> **EXERCISE PROMPT**: Exactly the lines from the one containing "Bella House Monkey" through the end of the records must be reproduced; leave out all pictures.

[Image-text web data]
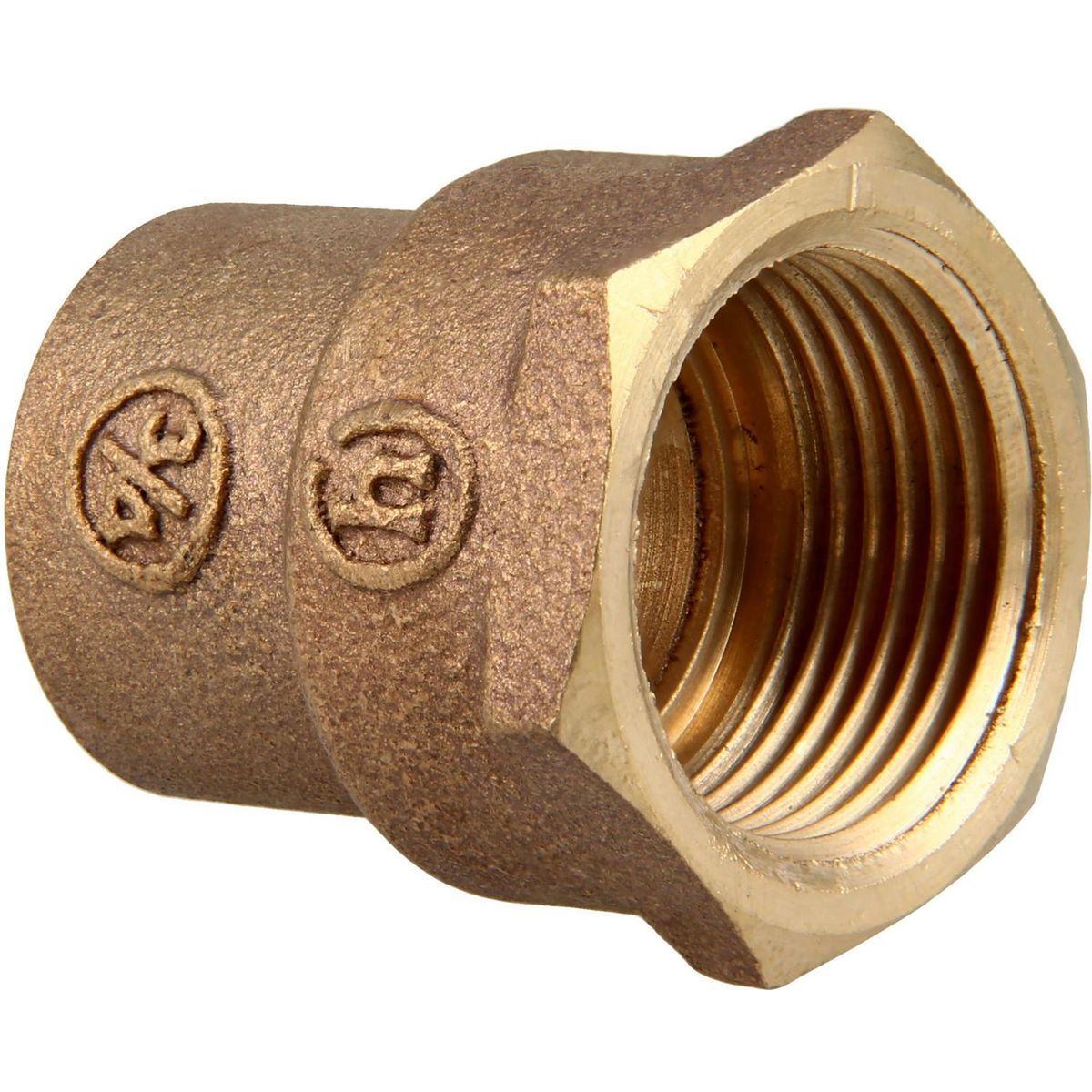 HUMBOLDT - Terminal Bronce SO/HI 3/4" 1u
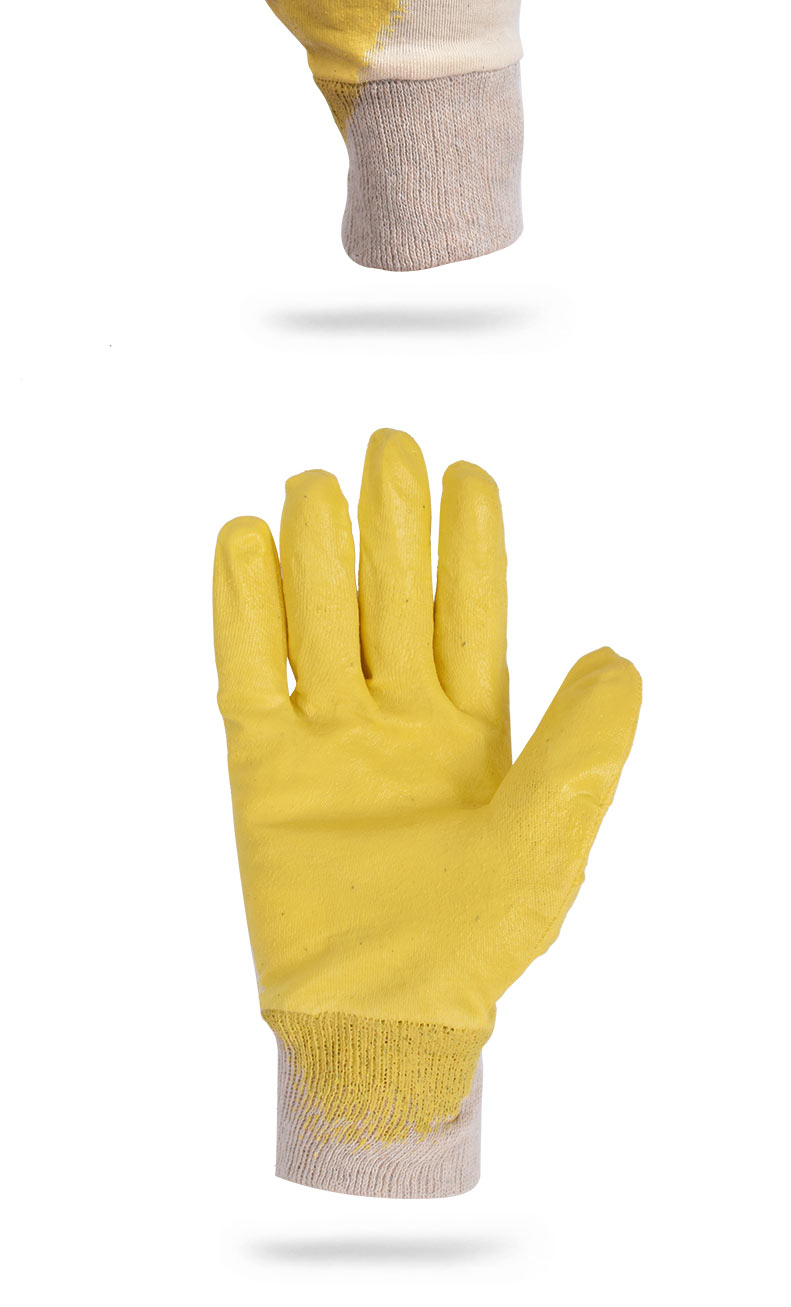 代爾塔201015輕型丁腈涂層防護手套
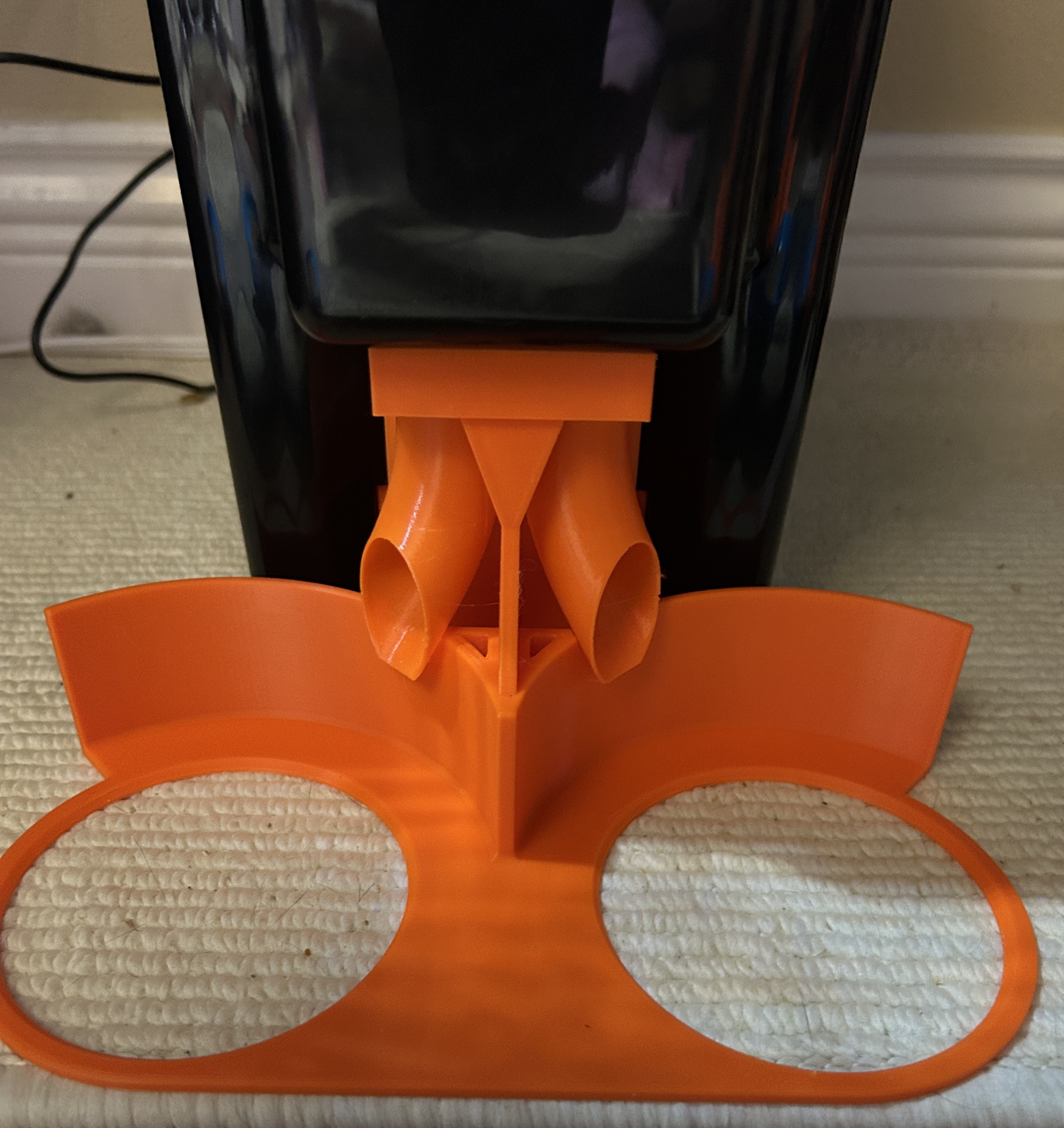 Автоматическая кормушка Petsafe Simply Feed для животных для 3D принтера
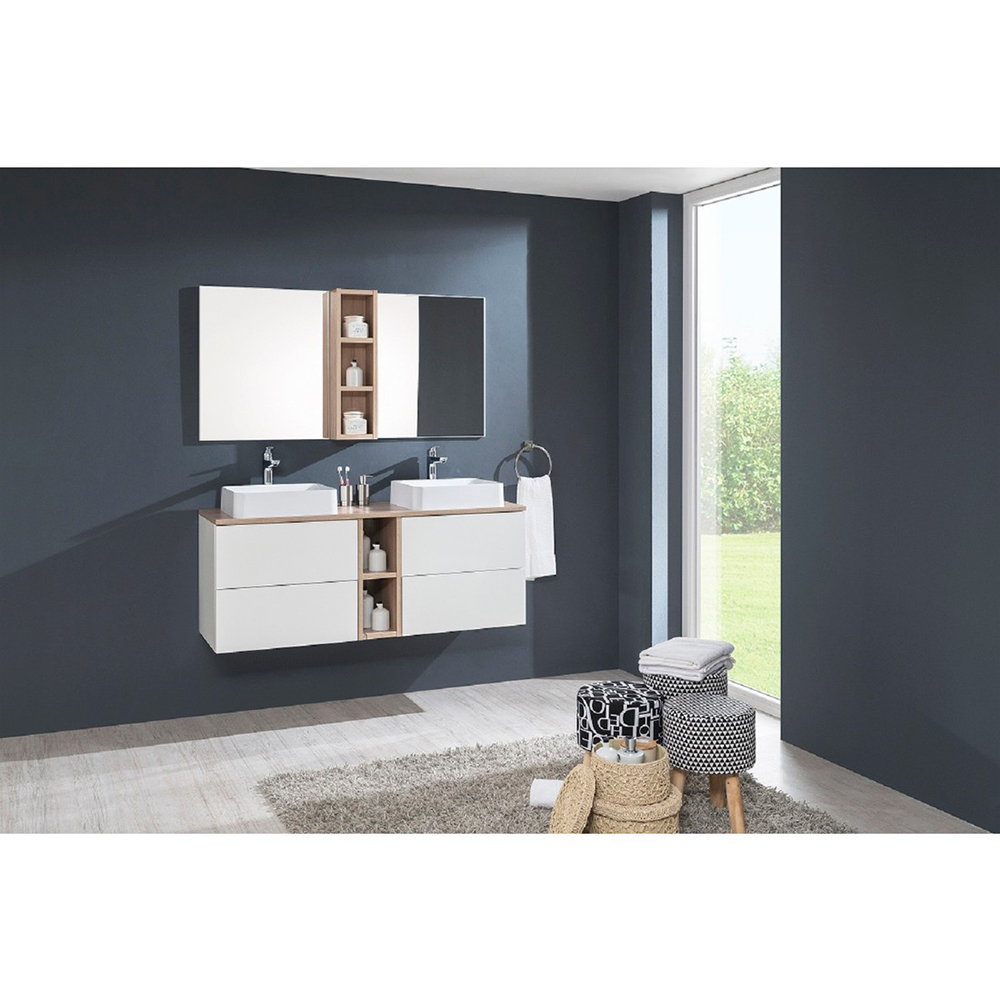 MEREO Zrcadlo 80x70x2 cm (CN693)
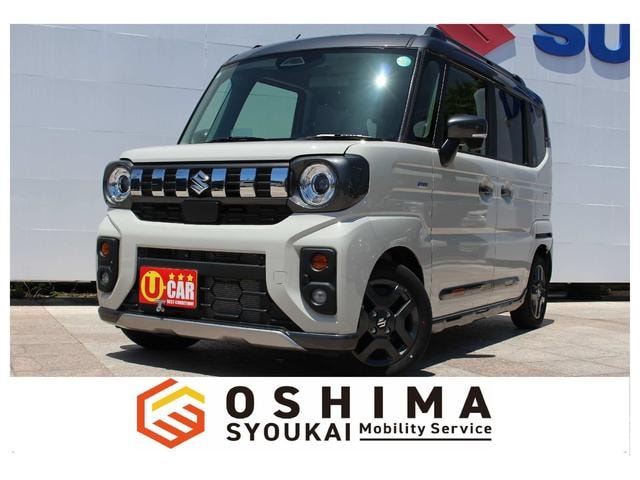 Suzuki SPACIA GEAR 2024 — фото автомобиля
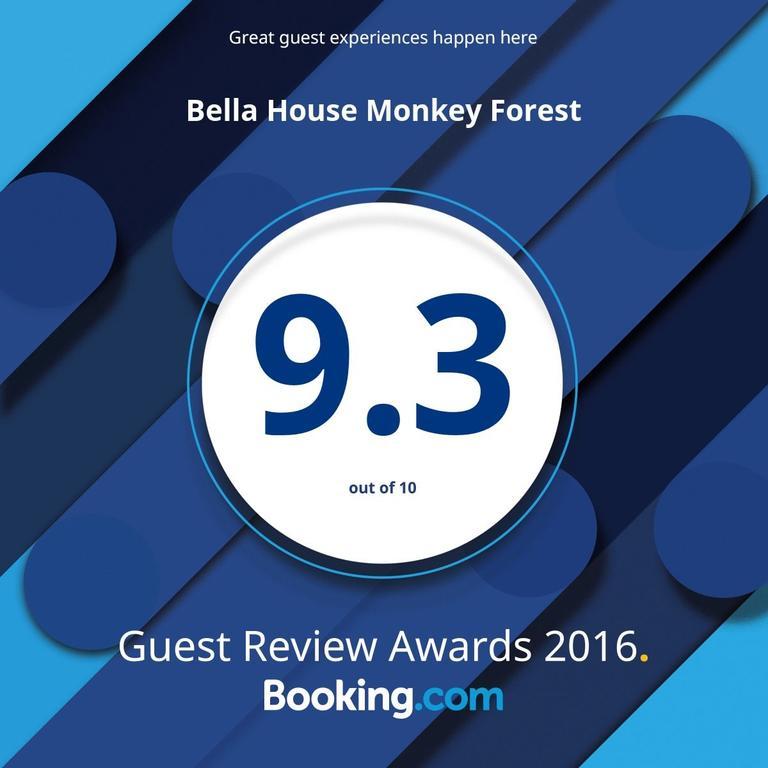 Bella House Monkey Forest Ubud Extérieur photo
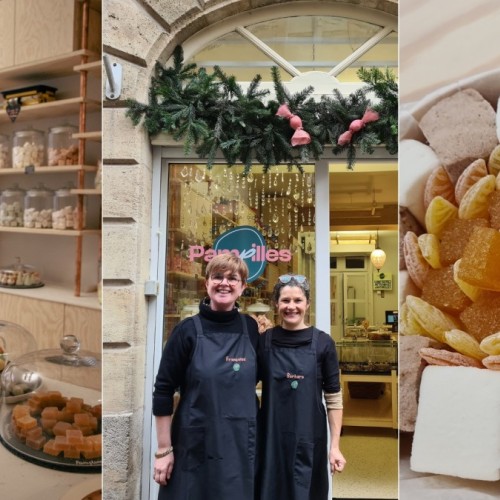 Une nouvelle adresse de bonbons à Bordeaux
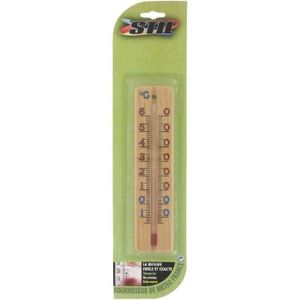 Thermomètre Rond En Bois BAROSTAR 903C72T - Design - Neuf Sous Emballage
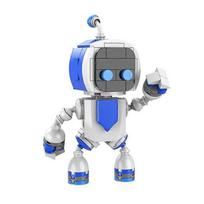 Astro Bot Action Figures Building Blocks Toys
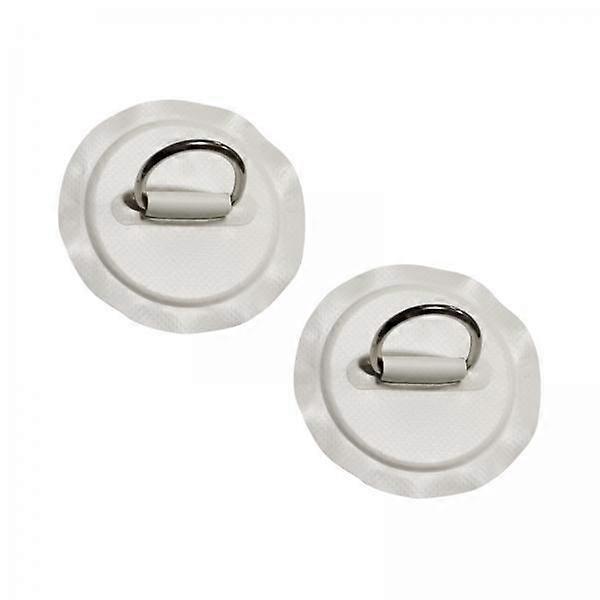 6x2Pcs Δ πόρπες κορδονιών μαξιλαριών ανθεκτικά ελαφριά δαχτυλίδια Δ ανοξείδωτου σταθερά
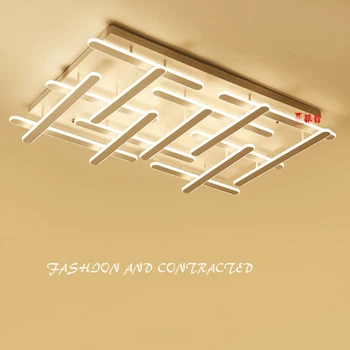 

New design LED Ceiling Light Modern Windows shape Acrylic LED Ceiling Lamp for Living room LED Lustres Bedroom Lighting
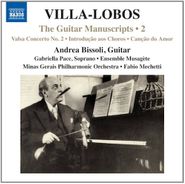 Heitor Villa-Lobos, Villa-Lobos: Guitar Manuscripts, Vol. 2 (CD)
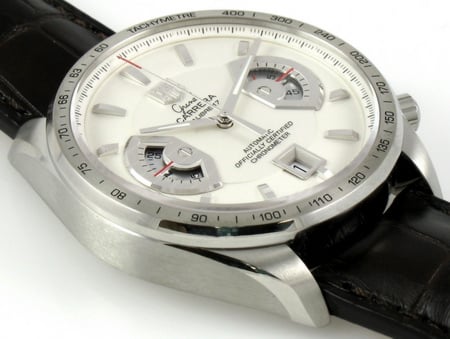 9' Side Shot of Grand Carrera Chronograph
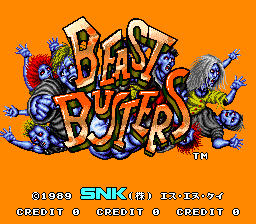 Beast Busters (World)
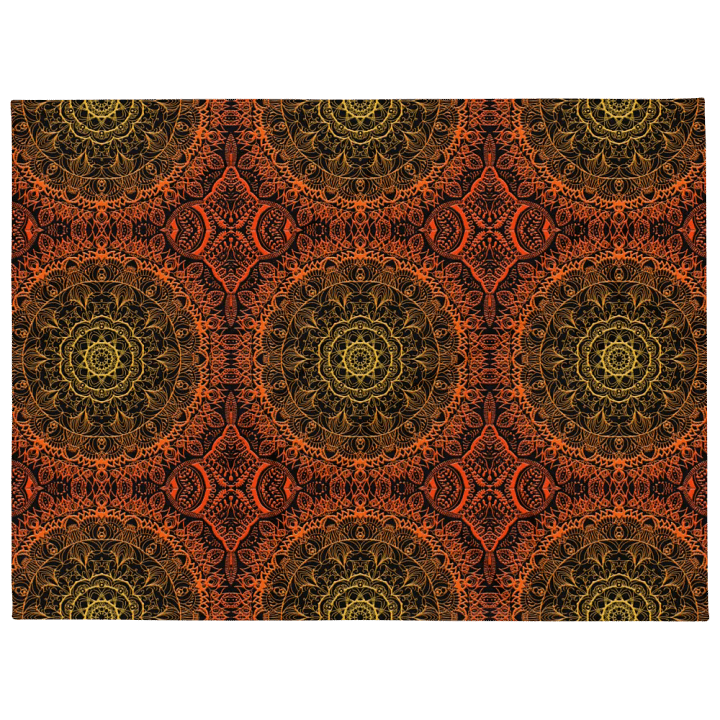 Mandala Dreams Throw Blanket product image (1)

> **RESULT FOR THIS TASK**:
 Bella House Monkey Forest Ubud Extérieur photo
 Une nouvelle adresse de bonbons à Bordeaux
 Thermomètre Rond En Bois BAROSTAR 903C72T - Design - Neuf Sous Emballage
 Astro Bot Action Figures Building Blocks Toys
 6x2Pcs Δ πόρπες κορδονιών μαξιλαριών ανθεκτικά ελαφριά δαχτυλίδια Δ ανοξείδωτου σταθερά

New design LED Ceiling Light Modern Windows shape Acrylic LED Ceiling Lamp for Living room LED Lustres Bedroom Lighting
 Heitor Villa-Lobos, Villa-Lobos: Guitar Manuscripts, Vol. 2 (CD)
 9' Side Shot of Grand Carrera Chronograph
 Beast Busters (World)
 Mandala Dreams Throw Blanket product image (1)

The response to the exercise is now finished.